Total Solar Eclipses
If you happen to be in the path of the upcoming total solar eclipse, count yourself lucky. Actually, we humans are fortunate to live on a planet that experiences these celestial events at all. Our solar eclipses are really just a matter of coincidence: good luck and great alignment. Our moon is just large enough, and at just the right distance relative to both Earth and the sun, to blot out the solar light when it's in the right position — at least for the time being.
“They appear to be the same size because of their distance away from us,” Clemson University astronomer Amber Porter told NPR. The moon is far smaller than the sun, but “even though the [diameter of the] moon is about 400 times smaller than [that of] the sun, it's about 400 times closer to us here on Earth, which is how that perfect kind of magic happens.”

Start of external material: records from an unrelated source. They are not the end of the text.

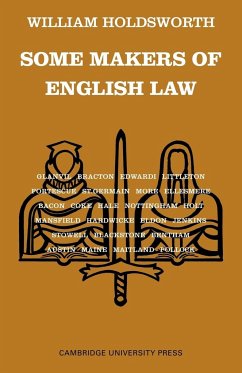 Some Makers of English Law - Holdsworth, W. S.; Holdsworth, William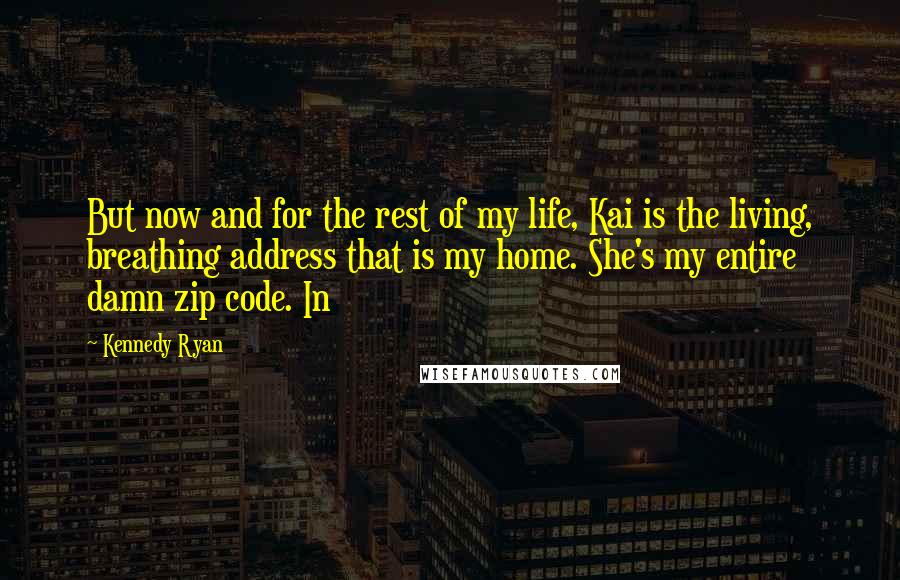 Kennedy Ryan Quotes: But now and for the rest of my life, Kai is the living, breathing address that is my home. She's my entire damn zip code. In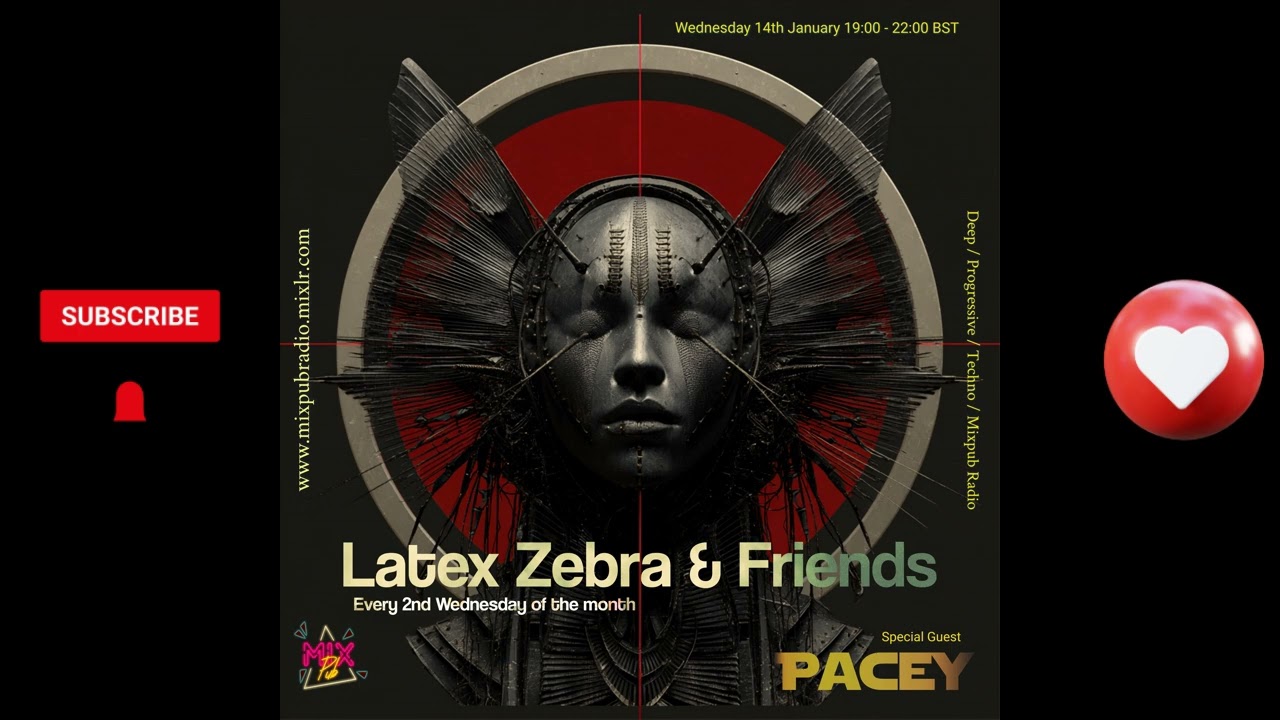 🎧 Pacey - Special Guest Latez Zebra & Friends on Mixpub Radio - 90 Min Progressive House Set 🎵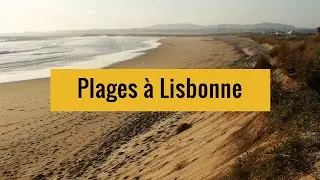 Belles plages &agrave; et autour de Lisbonne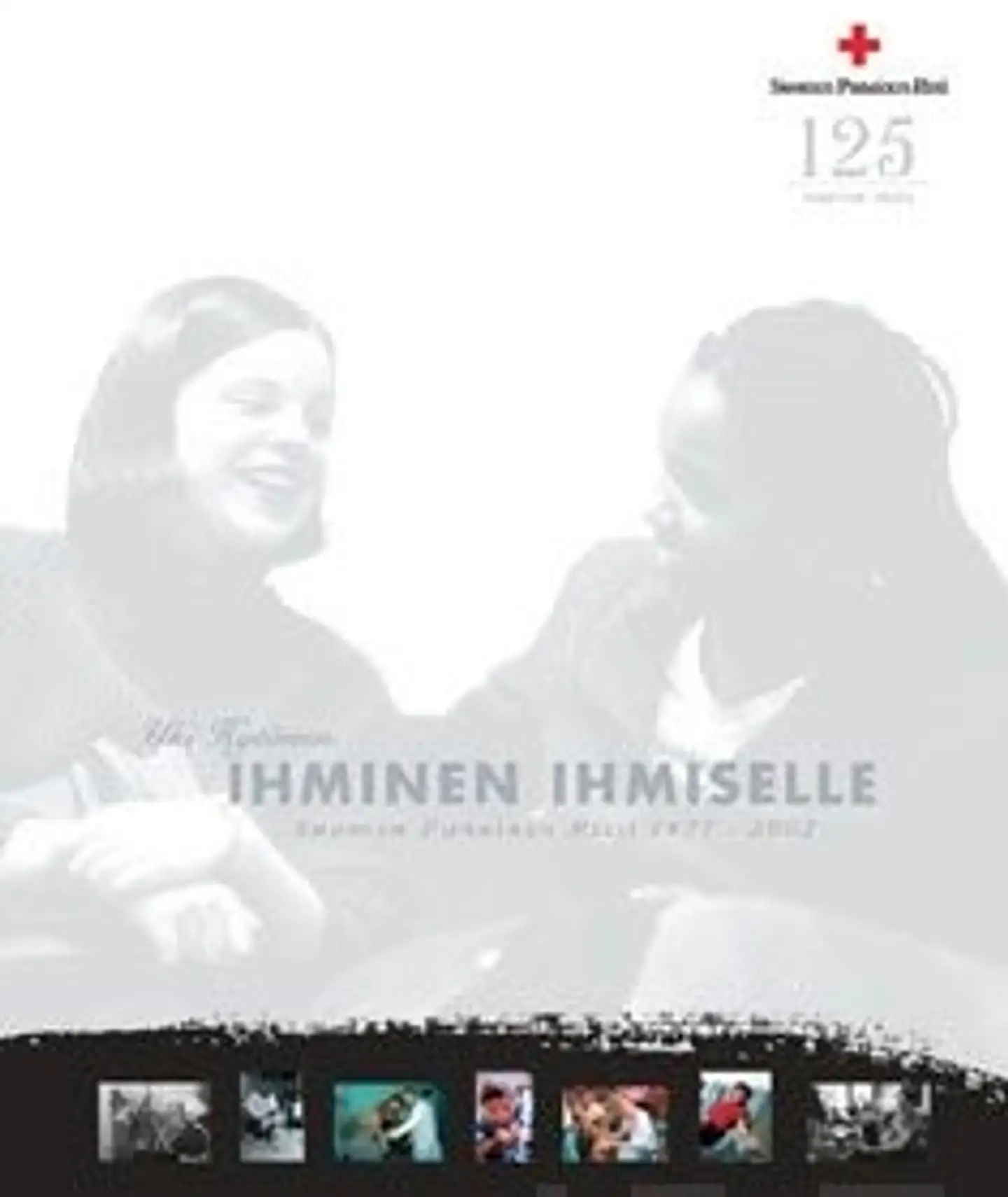 Hytönen, Ihminen ihmiselle - Suomen Punainen Risti 1877-2002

Eclipses Changed Over Time
This perfect match has given us the strangely beautiful image of the sun hiding behind the moon with only its wispy corona visible. However, this is — in both geological and space terms — a relatively recent phenomenon. Like everything else in space, the moon is in motion, so in the past total solar eclipses didn't look the way they do now.
“The size of the sun hasn't really changed over the age of Earth, but the moon has been moving away from Earth over eons. So in the past it looked bigger,” SETI Institute planetary scientist Matija Cuk told NPR. In fact, the moon is still in motion, shifting about an inch and a half further away from us each year. Within around 600 million years, the moon will no longer cover the sun completely, and the total solar eclipse will be a piece of Earth history.